Initially, visitors to the exhibition are treated to over thirty life-size portraits of the wealthy and glamorous. The second part of this large show goes into some aspects of ‘informal’ life of Europe’s upper-classes.
The first two portraits welcoming visitors are the earliest and show a couple. They were rich, powerful and getting married. This tradition of having one’s portraits painted on engagement or marriage was to continue into Rembrandt’s time and beyond.
Like all portraits in this exhibition, the format is life-size. Such a size was reserved for emperors, kings and queens, the aristocracy. Meet Henry the Pious, Duke of Saxony and Katharina, countess of Mecklenburg. Lucas Cranach the Elder created their portraits in 1514.
Nearby, hangs a portrait of Hapsburg Emperor Charles V. His Hapsburg chin is hidden by his beard. Some early oil-painting photo-shopping? The first room of this exhibition sets the tone: stunning, impressive!

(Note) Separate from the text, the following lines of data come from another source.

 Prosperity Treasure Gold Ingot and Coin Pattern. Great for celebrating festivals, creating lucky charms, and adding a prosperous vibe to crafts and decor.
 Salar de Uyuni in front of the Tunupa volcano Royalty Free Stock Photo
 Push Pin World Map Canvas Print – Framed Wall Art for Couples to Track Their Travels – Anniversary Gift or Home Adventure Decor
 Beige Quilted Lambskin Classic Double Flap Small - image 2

The next room shows the portraits of Count Iseppo da Porto, Countess Livia da Porto and their two children. Veronese caught the family in interaction. The couple are now split: he and his son belong to the Galleria degli Uffizi; she and her daughter to the Walters Art Museum in Baltimore. Here the four of them are together again – charming visitors.
Soon, wealthy burghers and then artists had their life-size portraits painted as well. Visitors can not just admire members of the upper classes. These people could have their portraits painted by the best artists of their time.

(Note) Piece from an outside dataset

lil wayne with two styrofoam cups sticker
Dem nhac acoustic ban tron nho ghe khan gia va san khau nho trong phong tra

Here are Rembrandt’s portraits of Oopjen and Marten, Cranach’s couple, Veronese’s family. The exhibition also includes works by Velazquez, Reynolds, Gainsborough, Sargent, Munch, Manet, and other famous portrait painters.
There simply is not enough space to discuss all these beautiful portraits, changing tastes, facts, stories, scandals! Take just two funny ones.
The only naked portrait apparently shows a Dutch burgomaster as Hercules. He lost the competition for ‘Mr Love’; who is to be found gracing another wall. However, Hercules certainly makes people giggle!
Especially, as he happens to hang the most over-dressed man in this exhibition. This English aristocrat spent his fortune on clothes. Take a look at his shoes, his socks – and how he loves showing off his outfit!
The next room contains the restored portraits of Oopjen and Marten by Rembrandt. The completed restoration was the ‘excuse’ to put together this impressive exhibition.
Part one of the exhibition, covering four centuries of glamour, is in itself an absolute must see. For quite a few of these portraits belong to private owners. Other paintings come from museums from all over the world.
The exhibition’s second part covers what curators call the ‘informal life’ of the wealthy. Here are eighty prints and drawings from the Rijksmuseum’s own collection. This part goes into what went on ‘behind closed doors’. One room even has a warning sign: adult stuff exhibited!
This part shows for instance a print of Madame du Barry. Here are pastel copies of a Hogarth-like series paintings by Cornelis Troost, now in the Mauritshuis. Troost’s daughter copied her father’s popular series.
Pastel portraits of Dutch high society members are currently exhibited at the Amsterdam canal house Museum van Loon. Need to choose: do not miss ‘High Society’ at the Rijksmuseum! Kate Den 21st March 2018
High Society: Four Centuries of Glamour runs until till 3rd June 2018.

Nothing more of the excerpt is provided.